A classification technique called Learning to Rank (LTR) is used to perfect search results based on things like actual usage patterns. LTR isn’t an algorithm unto itself. The actual ranking is often done with an algorithm called support vector machine (SVM), but recently gradient-boosting trees (GBTs) have been used instead.
There are multiple implementations of Learning to Rank available. The most famous open source implementations are XGBoost, RankLib, and part of Apache Solr, which was donated by Bloomberg. (I work for Lucidworks, which is the primary sponsor of the Solr project.)
Because LTR is based on a machine learning classification model, it is a supervised learning method. This means that you train a model based on some preprocessed data. This data with hand-labeled ranks is then used to optimize future results.
There are some drawbacks to LTR, particularly when used with clicks on search results. For example, when offered all the world’s bountiful harvest, users tend to pick the thing on the top. Meaning, if Google stopped offering anything besides the “I’m Feeling Lucky” button, user behavior would largely remain unchanged (except the bounce rate would be lower). This can bias results toward what your search is already returning, therein reducing the point. However, you can address this through simple multiplication of the clicks on the second and third results (and so on).
Modern search engines are actually pretty good at relevance. So LTR is unlikely to be a whole order of magnitude better over relevant search. And there are other means of achieving good results—such as boosting the second or third result if it gets a relatively high number of clicks. Moreover, LTR and any supervised model takes time and resources.
How to use LTR
LTR is most useful in combination with these other methods. The actual improvement from using LTR will vary wildly with what your data is like, the use case, and how good your ordering already is.
To use LTR, you identify features of your corpus. This means key fields, the score returned from the search engine (such as TF-IDF or BM25), and an ordering by the number of clicks. Using this, you train the model with a given query. After that, LTR lets you rerank the results based on which features were more important given the training sets.

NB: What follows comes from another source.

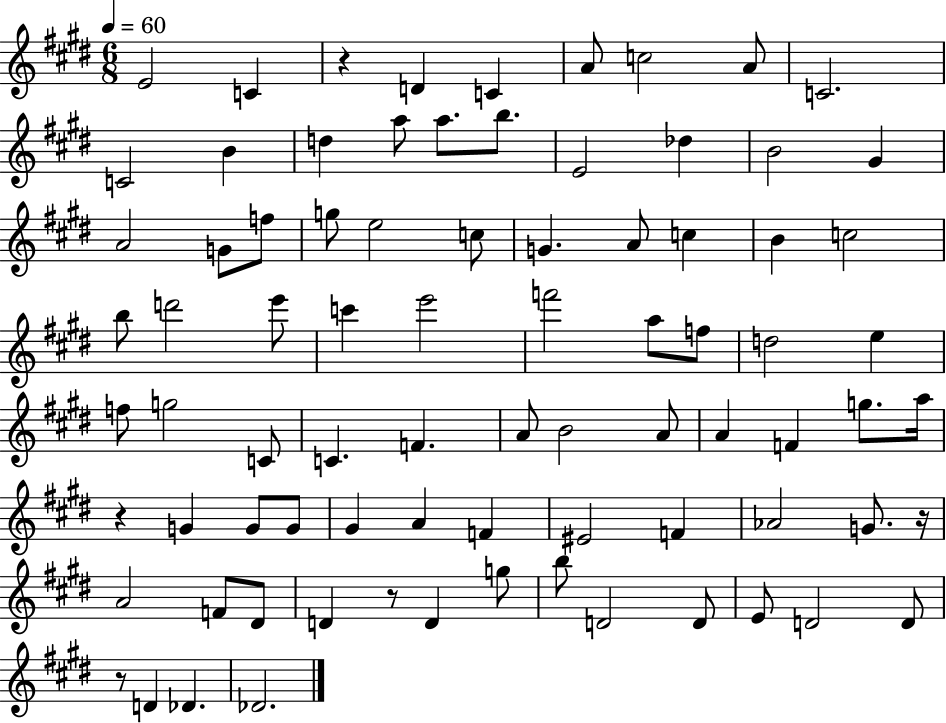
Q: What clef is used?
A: treble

Ultimately, like any machine learning technique, LTR is only as good as your model. That means that it is critical to select “good” features. It may also be necessary to do things to normalize the model. For example, if on your website you find that regardless of whatever the first result is, it always gets ten times the clicks as the second result, maybe in your model a second result that gets half as many clicks as the first result ought to be ordered first.
Where to learn how to use LTR
You can try LTR yourself:
- There is a tutorial in Solr’s documentation.
- There is a Coursera module on Learning to Rank.
- You can grab Stanford University’s presentation on Learning to Rank, which goes into some of the algorithms used.
- If you’re looking for data to try this on, you’ll have to massage the data; the well-worn Best Buy dataset on Kaggle is a good place to start.